Work request. The expected output is each line from the one containing "OLAY SUPER SERUM 2 X 30ML at Costco" to the last line of the data below, set down exactly, minus the pictures.

Working data.

%%

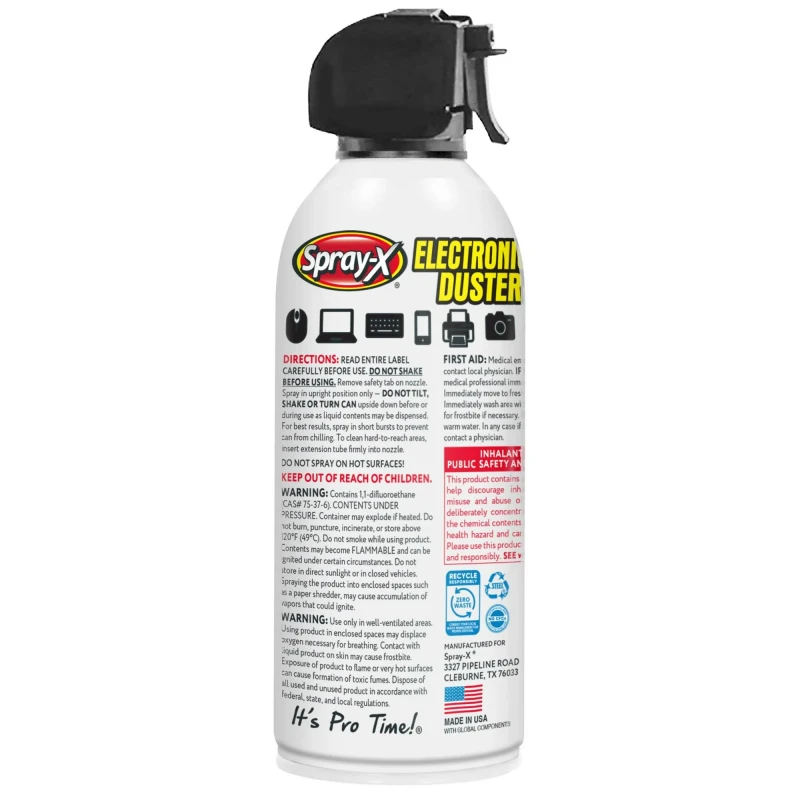 Spray X Electronics Duster 10oz thumbnail 2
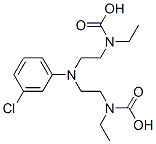 CAS#: 62143-15-1， Bis(Ethylcarbamic Acid)[(3-Chlorophenyl)Imino]Bis(2,1-Ethanediyl) Ester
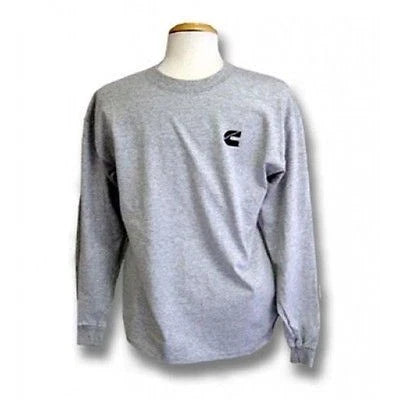 Cummins Diesel Gray Long Sleeve T-Shirt for Truck (LARGE)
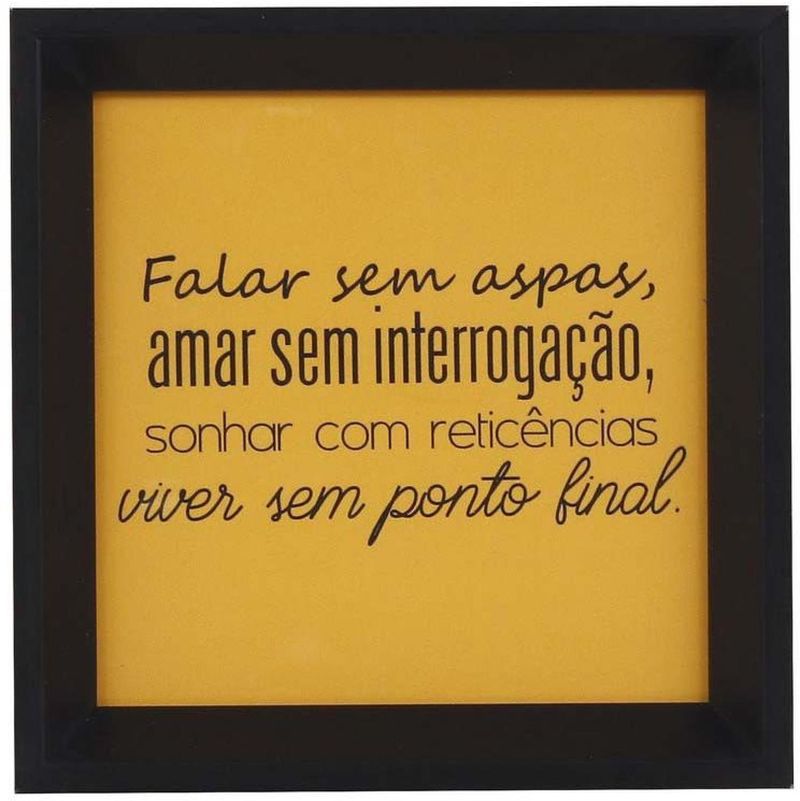 QUADRO-DECORATIVO-ARTE-PROPRIA-FALAR-SEM-ASPAS-20X20CM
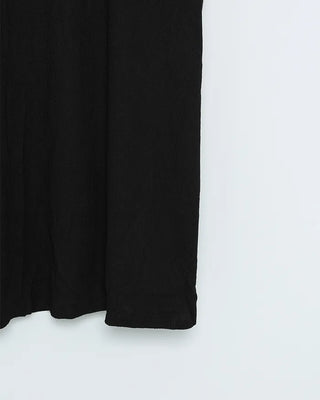 Balloon puff half-sleeve long dress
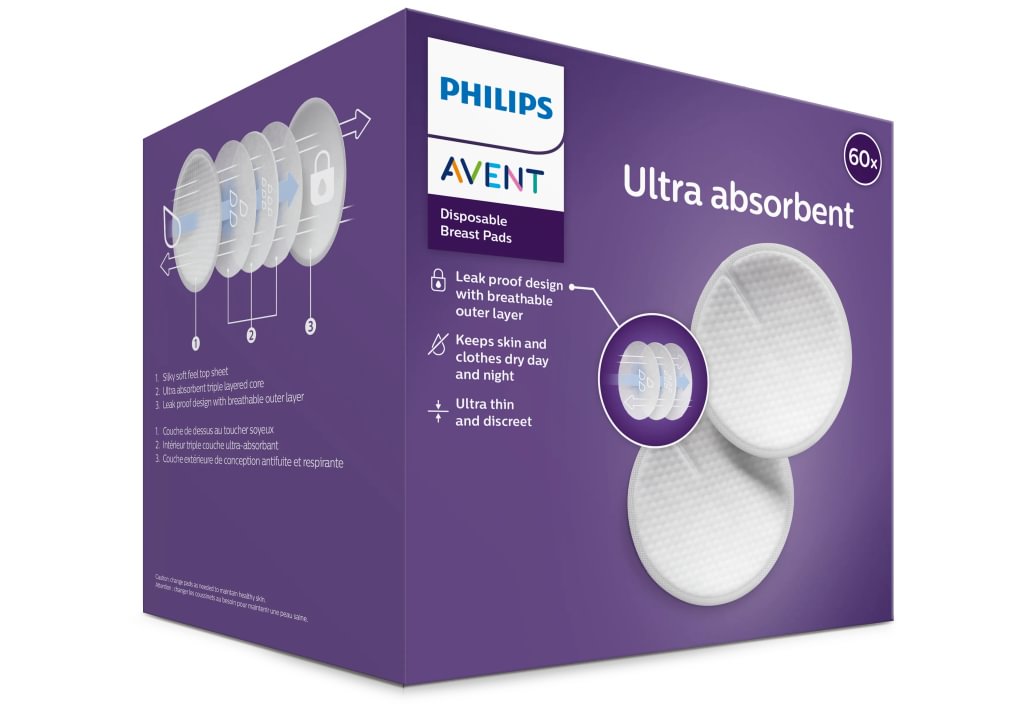 Philips Avent breast pads - 60 pcs.
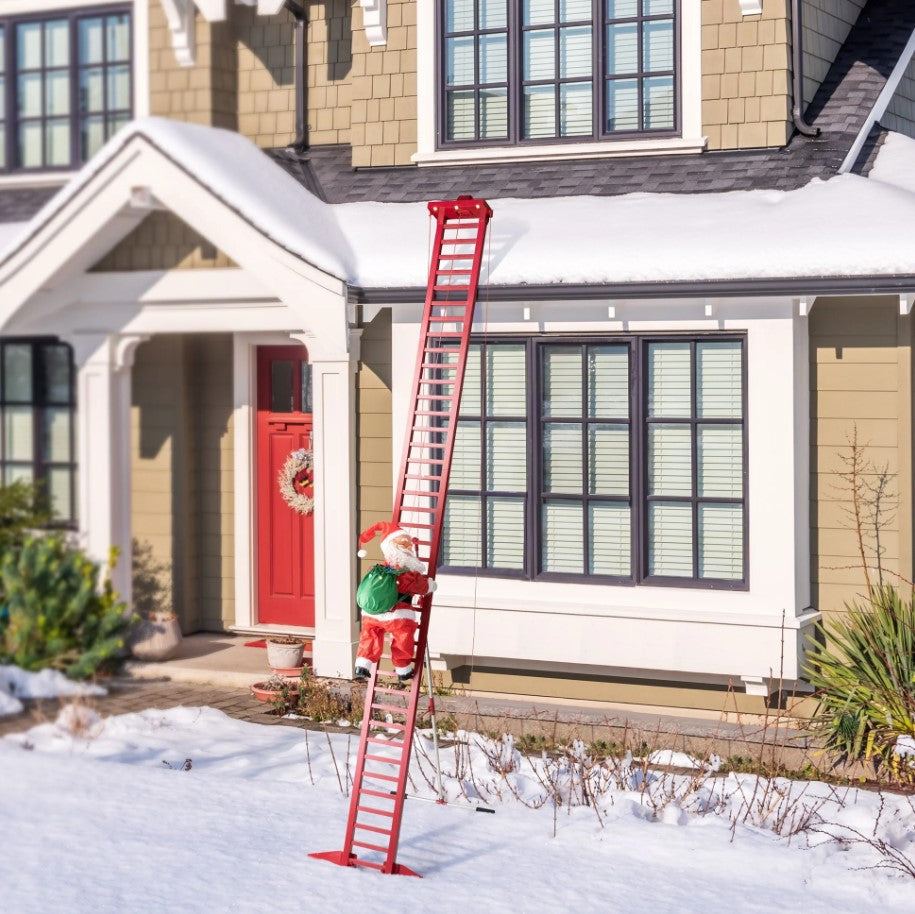 10 FT Outdoor Animated Climbing Santa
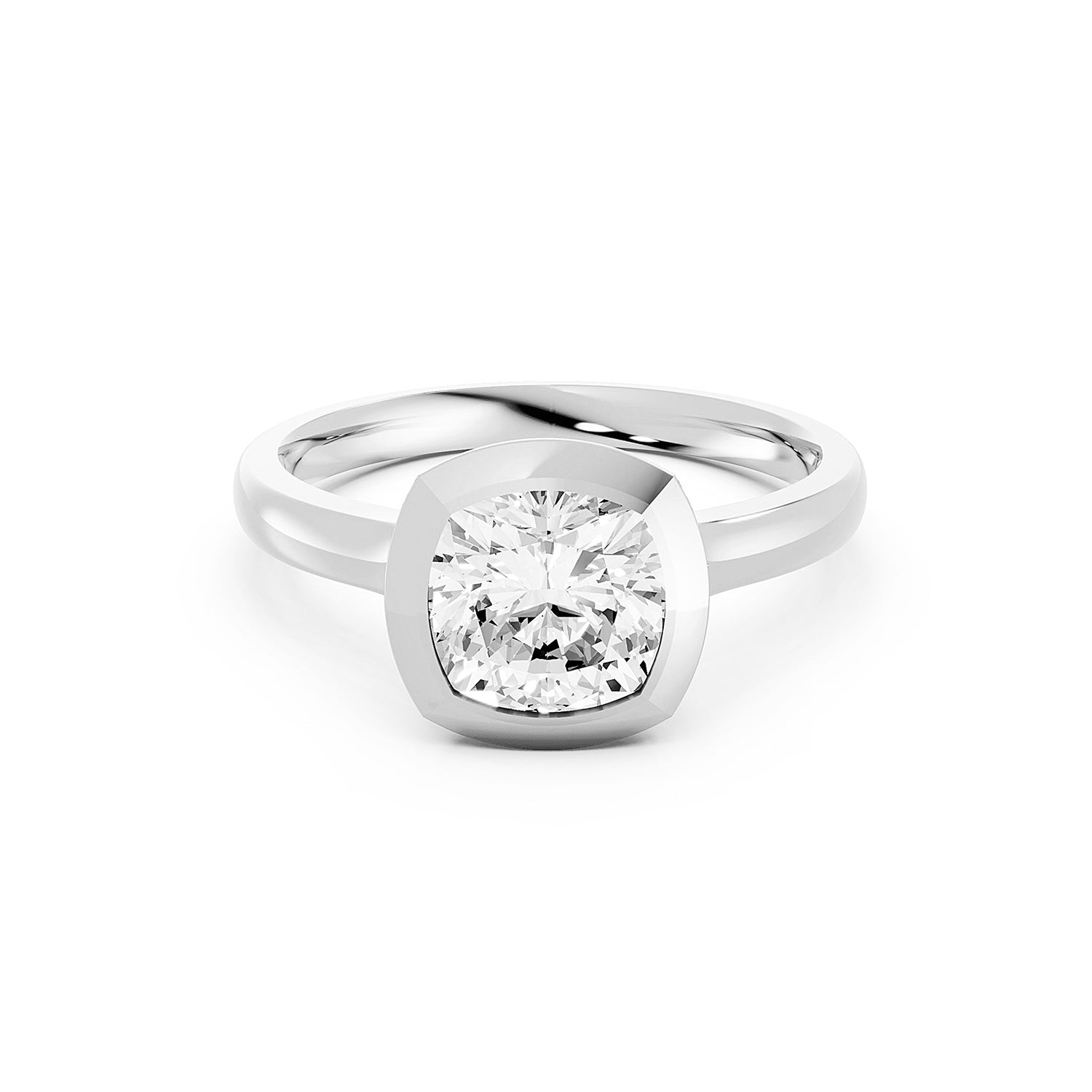 Emerald Cut Lab-Grown Diamond Engagement Ring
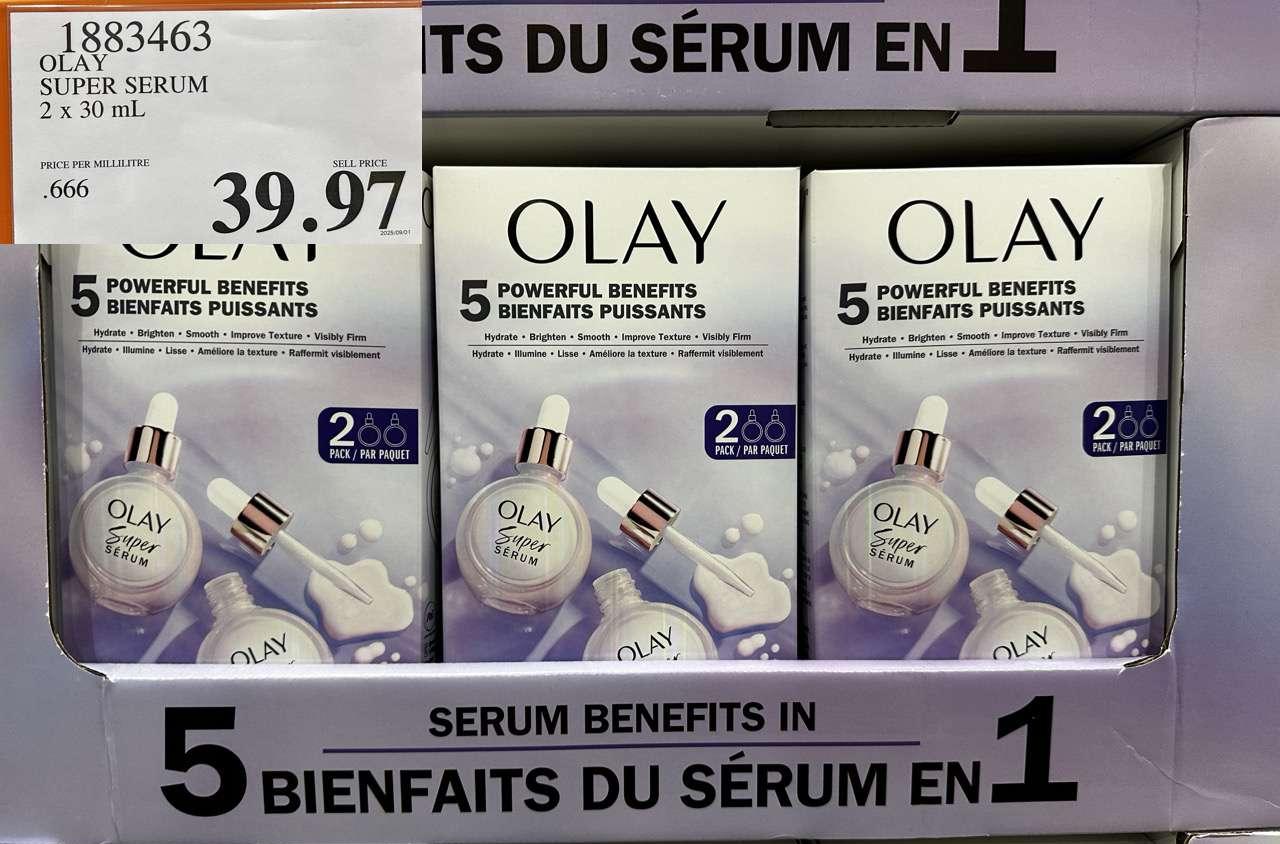 OLAY SUPER SERUM 2 X 30ML at Costco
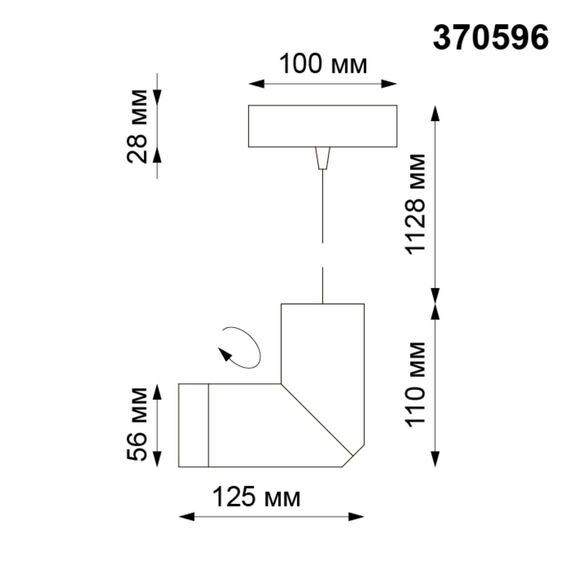 NOVOTECH 370596 OVER NT19 248 матовый белый Накладной светильник IP20 GU10 50W 220-240V ELITE, изображение 2
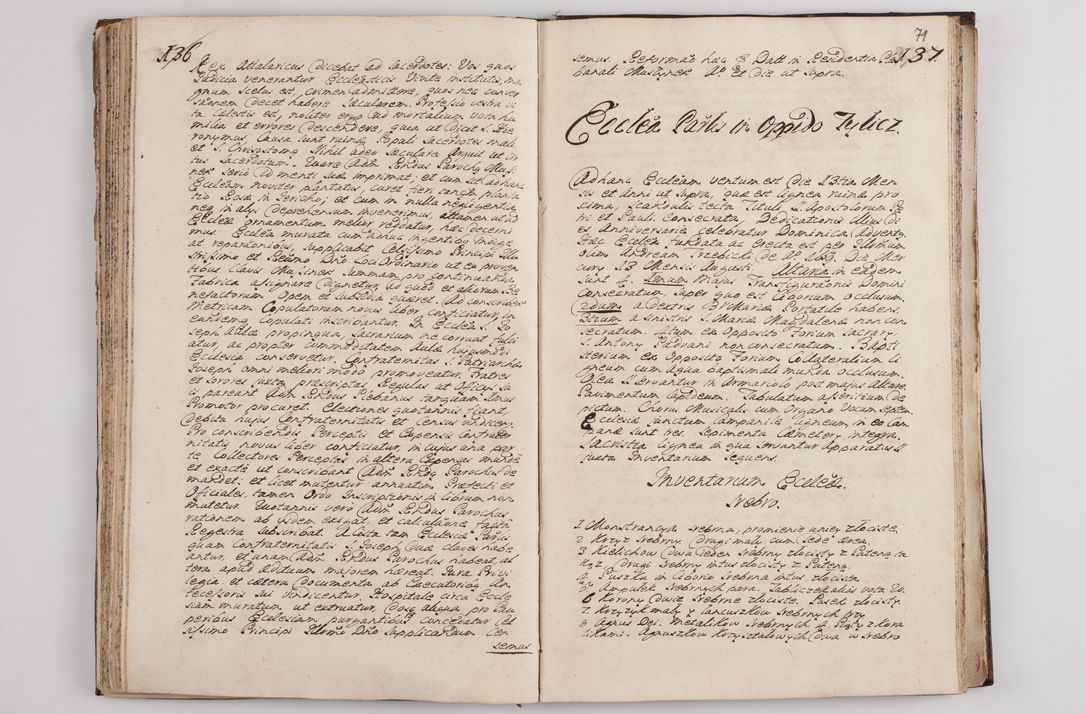 Zdjęcie nr 76 dla obiektu archiwalnego: Visitatio interna et externa officialatus Sandecensis per me Josephum de Zakliczyn Jordan, canonicum cathedralem Cracoviensem, archidiaconum Sandecensem anno 1723 die 12 mensis Decembris incepta, ac tandem anno 1728 die vero 12 mensis Aprilis terminata. Continet decanatus Neoforiensem, Sandecensem, Scepusiensem, Sandecensem (continuatio) Boboviensem. Per Nicolaum Gawrański, notarium apostolicum connotata.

%%

Result for this task.
 OLAY SUPER SERUM 2 X 30ML at Costco
 NOVOTECH 370596 OVER NT19 248 матовый белый Накладной светильник IP20 GU10 50W 220-240V ELITE, изображение 2
 Zdjęcie nr 76 dla obiektu archiwalnego: Visitatio interna et externa officialatus Sandecensis per me Josephum de Zakliczyn Jordan, canonicum cathedralem Cracoviensem, archidiaconum Sandecensem anno 1723 die 12 mensis Decembris incepta, ac tandem anno 1728 die vero 12 mensis Aprilis terminata. Continet decanatus Neoforiensem, Sandecensem, Scepusiensem, Sandecensem (continuatio) Boboviensem. Per Nicolaum Gawrański, notarium apostolicum connotata.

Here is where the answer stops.